Eine Kammeroper wie ein 90-minütiger Albtraum: Blasinstrumente, aus denen nur Luft kommt, Streichinstrumente, mit dem Holz des Bogens gestrichen, Sänger denen die Töne im Halse stecken zu bleiben scheinen. Eine Beklemmung, die extrem gut zur literarischen Vorlage von Albert Camus passt.
Opernadaption hält sich genau an den Buchtext
„Heute ist Mama gestorben. Vielleicht auch gestern, ich weiß es nicht.“ – Mit diesen Worten beginnt der Roman „Der Fremde“ von Albert Camus. Die Opernadaption hält sich ganz genau an den Buchtext.
Die Geschichte spielt in den 1930er Jahren in Algerien, damals eine französische Kolonie. Im Zentrum steht ein Mord: Die Hauptfigur Meursault erschießt im gleißenden Sonnenlicht des algerischen Strandes einen Araber.
Postkoloniale Kritik am Roman
„Camus war Algerienfranzose. Er hat für die Rechte der Algerier gekämpft. Gleichzeitig wird seinem Roman heute vorgeworfen, kolonialistisch zu sein.“ Dieses Spannungsverhältnis habe ihn interessiert, sagt Jan Dovrak.
Er ist seit 2018 künstlerischer Leiter des Mannheimer Sommers. Dieses Festival hat vor vier Jahren einen Kompositionswettbewerb ausgeschrieben: Gesucht wurde ein Musiktheater zu Camus’ „Der Fremde“.
Musik von Cecilia Arditto ist beklemmend
Überzeugen konnten letztlich die argentinische Komponistin Cecilia Arditto Delsoglio und die Regisseurin Annette Müller, die gemeinsam das Konzept für diese Kammeroper entwickelt haben. Mit einer sehr beklemmenden Musik von Cecilia Arditto.
„Die Hitze, die Geräusche, die merkwürdigen Stimmungen, auch psychologischen Stimmungen, in diesen überhitzten Räumen, das wird alles überdeutlich beschrieben“, so Dovrak. Arditto habe diese überempfindliche Wahrnehmung zu einer Partitur gemacht.
Hommage an die Musique concrète
Anfang der 1940er Jahre, fast zeitgleich mit dem Roman „Der Fremde“, entstand in Frankreich die Musique concrète, bei der Komponisten mit Alltagsgeräuschen gearbeitet haben. Diese Kammeroper von Cecilia Arditto ist eine große Hommage an diese Musk.
Sie integriert Geräusche von Ventilatoren, Wassereimern, Metallstangen, Plastikbechern ebenso wie das Klappern von Kaffeetassen und das Kratzen von Besteck auf Tellern. All das ist für das Publikum hör- und sichtbar: denn das kleine Orchester sitzt auf der Bühne und spielt Musik, die geprägt ist von sich wiederholenden Patterns und Klangflächen und oft statisch klingt.
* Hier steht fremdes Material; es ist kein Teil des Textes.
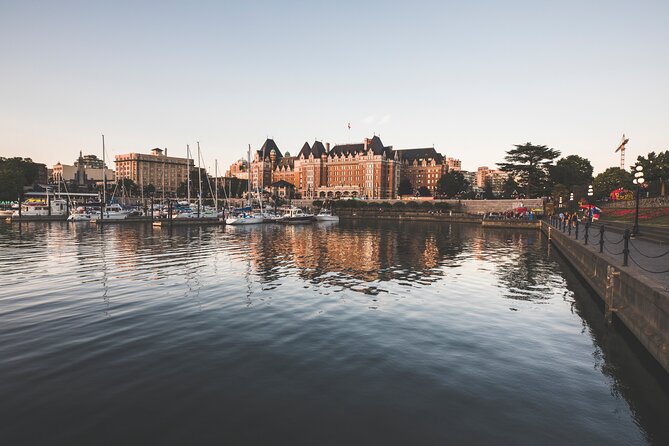 2-Hour Victoria Highlights Private Walking Tour - Tour Duration and Timing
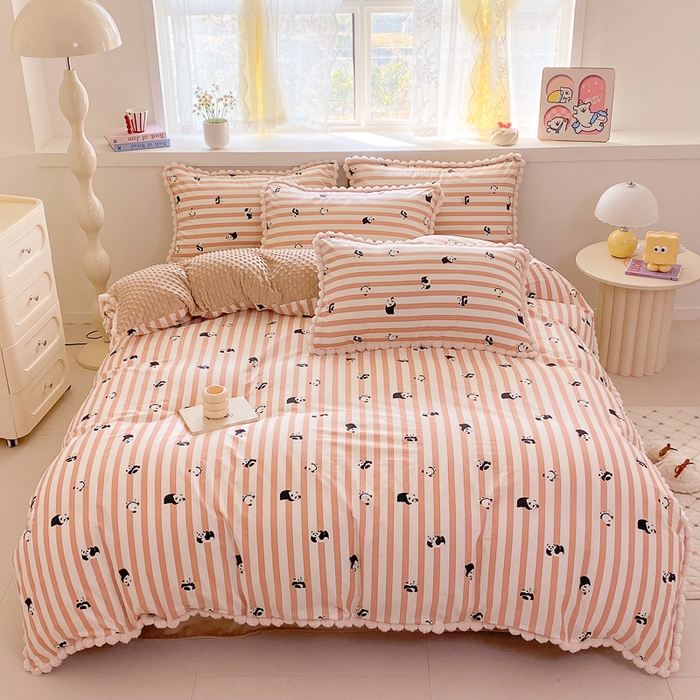 91家纺网 家纺一手货源 找家纺 千朵 2025新款棉加豆豆绒毛毛球边四件套 顽皮熊猫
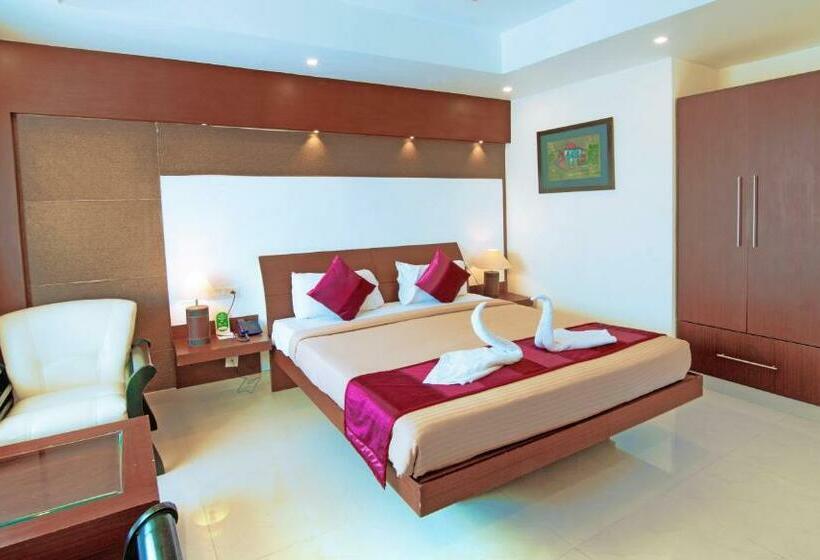 غرفة قياسية بدون مكييف هواء, Royal Omars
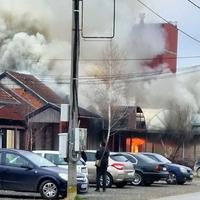 Gusti dim nad Omarskom: Gorio nekadašnji ugostiteljski objekt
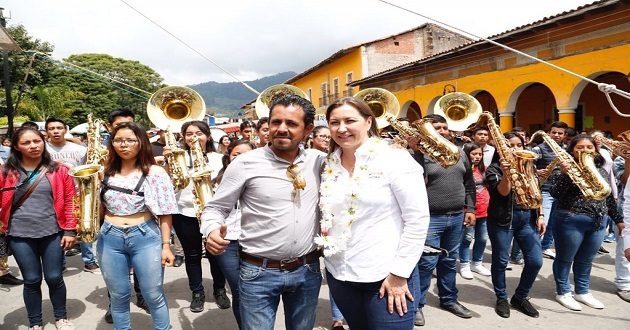 Promete Martha Erika títulos universitarios gratis en su gobierno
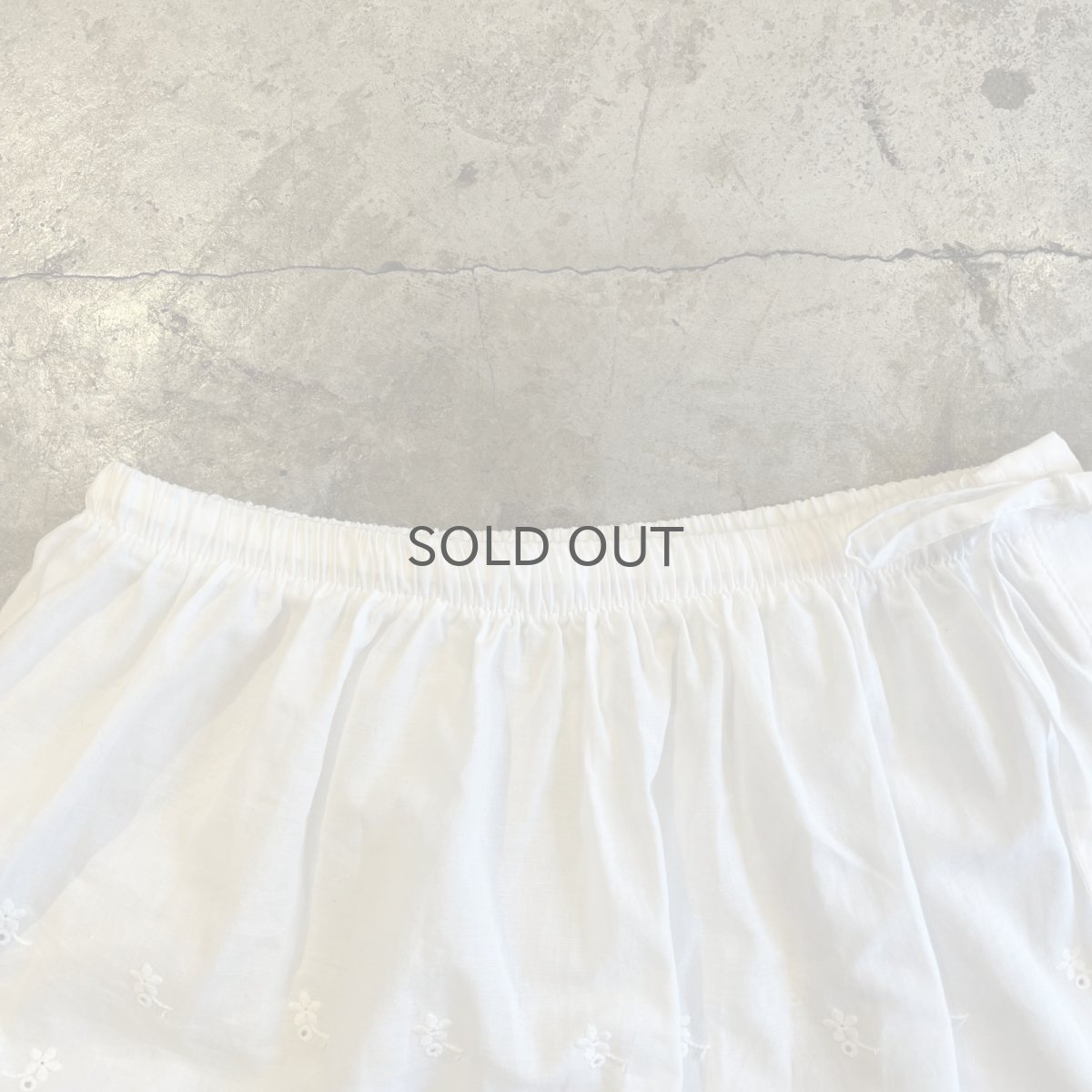 画像6: FLOWER EMBROIDERY DESIGN DOWN LACE LAYERED SKIRT / W24~34 (6)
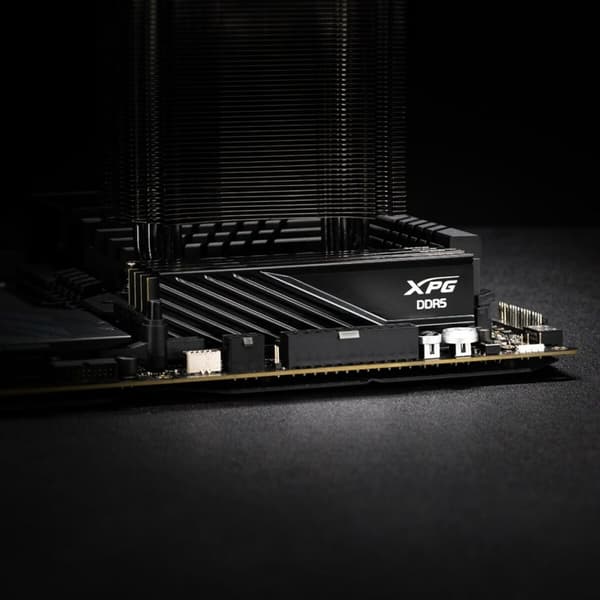 RAM-minne Adata AX5U6000C3016G-DTLABBK 32 GB DDR5 6000 MHz CL40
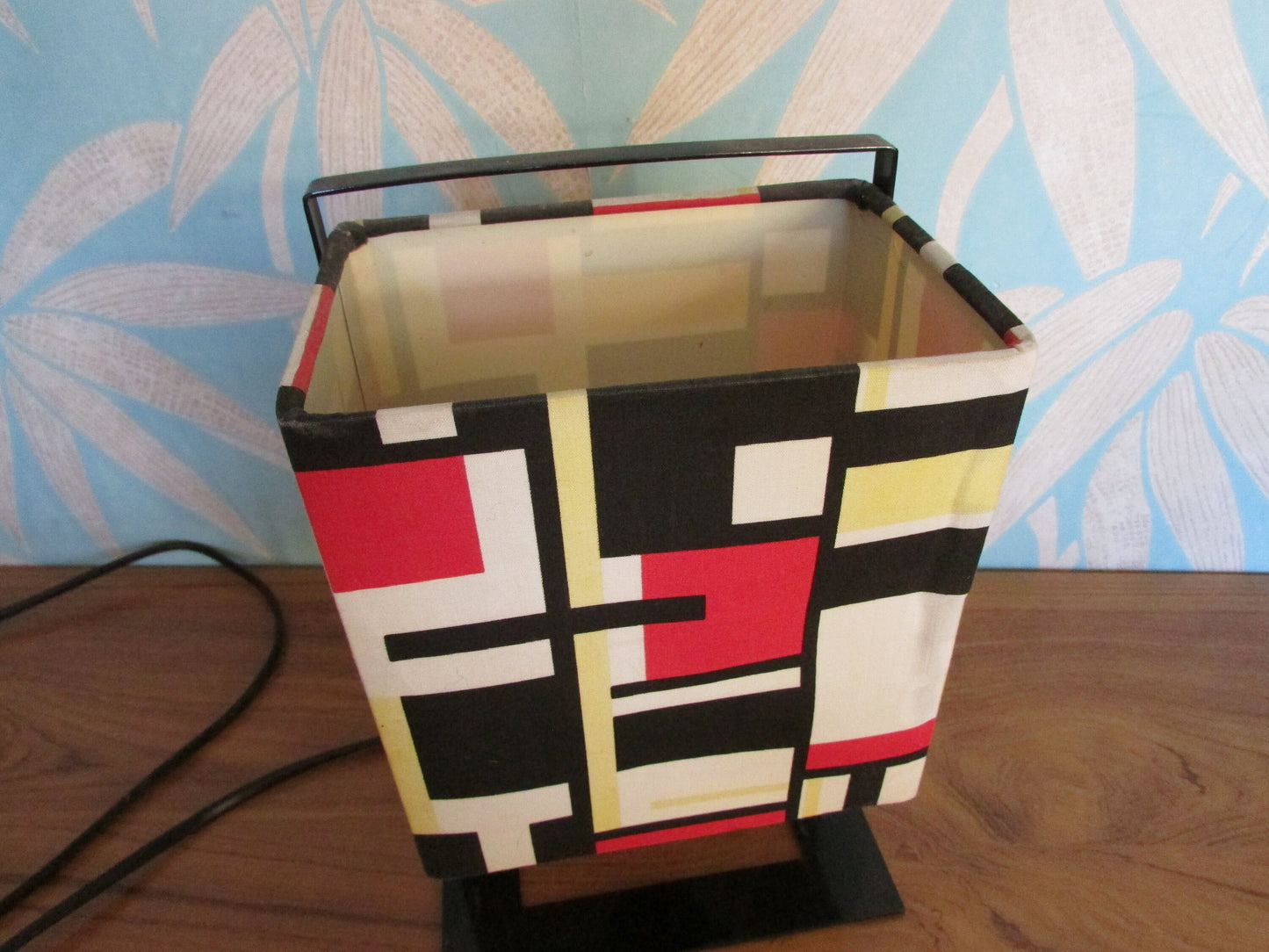 Retro 1980s-style Mondrian-inspired box shade table lamp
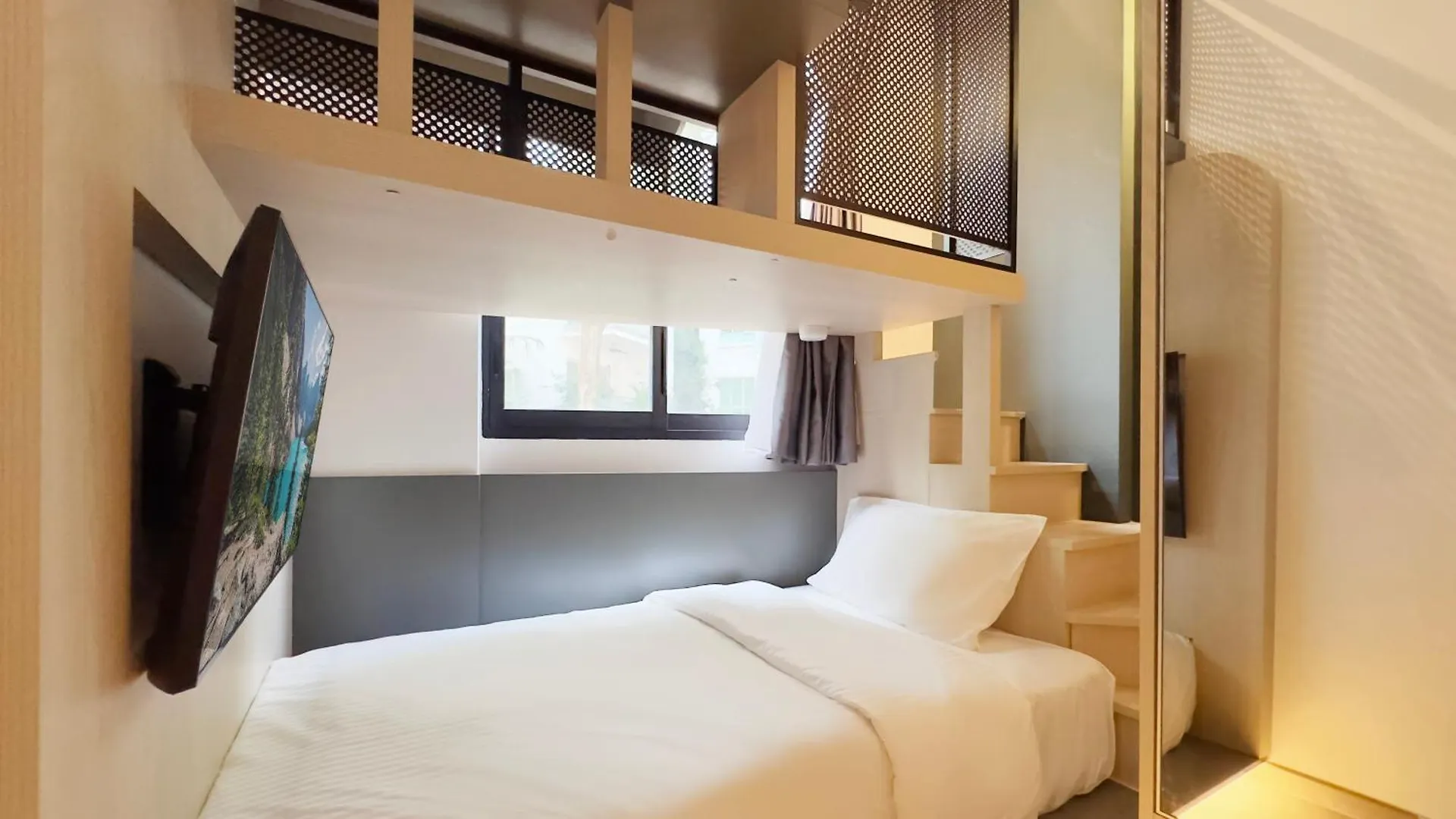 Coliwoo 268 River Valley - Coliving Singapur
Der Protagonist ist in Schockstarre
Obwohl die Sängerinnen und Sänger sich nur sehr wenig bewegen und keinerlei erkennbare Melodie singen, schaffen es alle vier, das Publikum zu beeindrucken. Das Bühnengeschehen erinnert an die Tradition der Tableaux vivants.
Szenen frieren ein und erstarren zu Bildern, die sich einprägen. Das zeigt die Schockstarre des Protagonisten: Er handelt nicht frei, sondern er schießt, „weil der Abzug nachgibt“.
Eine minimalistische Inszenierung
Große Teile der Handlung muss man sich in den Übertiteln selbst erschließen - wie in einem Buch – nur ausgewählte Sätze werden gesungen.
Eine geniale Idee, findet Festivalleiter Jan Dvorak: „Die Inszenierung hat die Aufgabe, diese sehr atmosphärischen Bilder nicht zu theatralisieren. Es ist sehr minimalistisch und trotzdem kann man in die Psychologie der einzelnen Figuren einsteigen.“
Kein Wohlfühltheater, sondern Beklemmung
Es ist kein Wohlfühltheaterabend im Studio des Nationaltheaters Mannheim, sondern eine sehr bedrückende Vorstellung, die emotionslos und gleichgültig sein will – wie der Protagonist Meursault.
Es ist wie ein 90-minütiger Albtraum: Blasinstrumente, aus denen nur Luft herauskommt, Streichinstrumente, die mit dem Holz des Bogens gestrichen werden, Sänger denen die Töne im Halse stecken zu bleiben scheinen. Und doch ist es gerade diese Beklemmung, die extrem gut zur literarischen Vorlage passt.